The whole point of the technique is to cook down the tougher meat of an older bird, so I shouldn’t be so surprised, but for a dish that I already found to be perfect, this was a culinary example of why we took on this whole farming venture… because you’re not suppose to use Cornish cross-, fatten up in half the time of traditional breeds-, Americans only ever eat broilers- chickens for everything. Not just because it’s unnatural, but because you can do delicious and interesting things with variety, the way our traditional, pre-giant refrigerator food culture understands. The very people who invented coq au vin in the first place.
So here’s a little photo montage of the entire creation. Be jealous of the mad skills of my awesome husband…
And then to really put things over the top, serve after finishing on an open fire while pressing cider (more on the cider pressing in a future post)…
pullet chicken egg, chicken egg, duck egg, double yolk duck egg
We got our first pullet eggs from the chickens today. Three to be exact. As you can see from the picture above, pullet eggs (the eggs chickens lay when the hens first start laying) are rather small. The awesome part is that the yolks are almost as big as a normal chicken egg, meaning the yolk to white ratio is way in favor of yolk, which makes for fantastic fried eggs.

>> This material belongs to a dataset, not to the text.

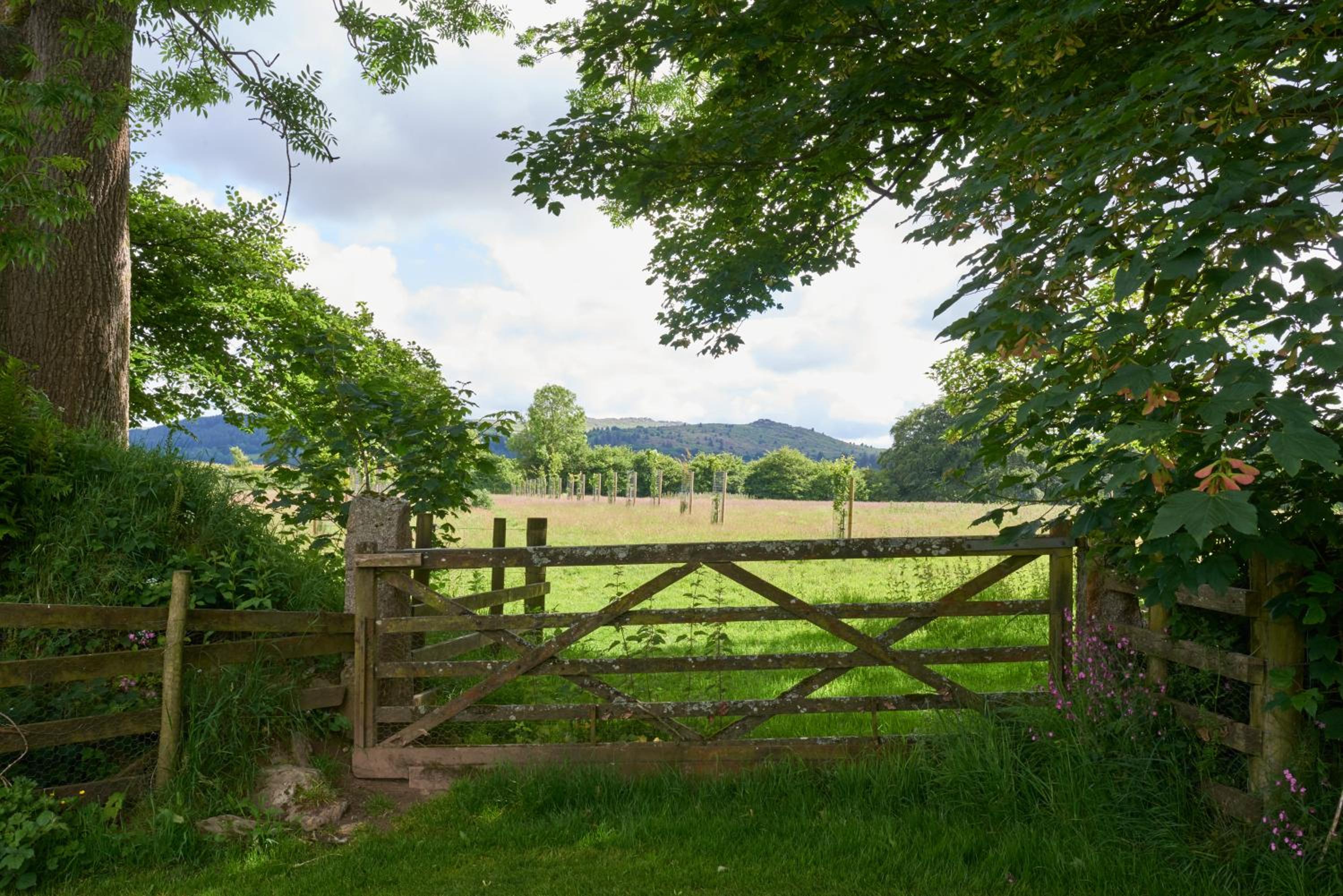 Trevadlock Manor Self Catering Cottages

The even more awesomeness is that in another week or so we should have enough eggs to start selling them to the restaurant, marking the first time we’ll actually get any payment for what we’ve been doing these last seven months. Woohoo!!!
My husband did an incredibly responsible thing – he scheduled a visit with our local extension agent to make sure everything looked okay around the farm. Here’s a brief run down.
The good news is everyone looks healthy. The not so good news is that we may not have enough pasture to support 5 ewes and their lambs. The d’uh news is that the reason the sheep haven’t been eating much hay is that the stuff we bought turns out to be loaded with something called foxtail, which they don’t like. Also, it’s invasive. Awesome. The bad news is that it turns out that our pasture has the “wrong kind of grass” so it looks like we’ll be attempting to pull up wire grass (we were told to RoundUp and put the sheep somewhere else, but we don’t have a somewhere else, nor am I excited about the prospects of using RoundUp) and seed for things like clover. We also need to get our pH checked, so we are now equipped with soil samples.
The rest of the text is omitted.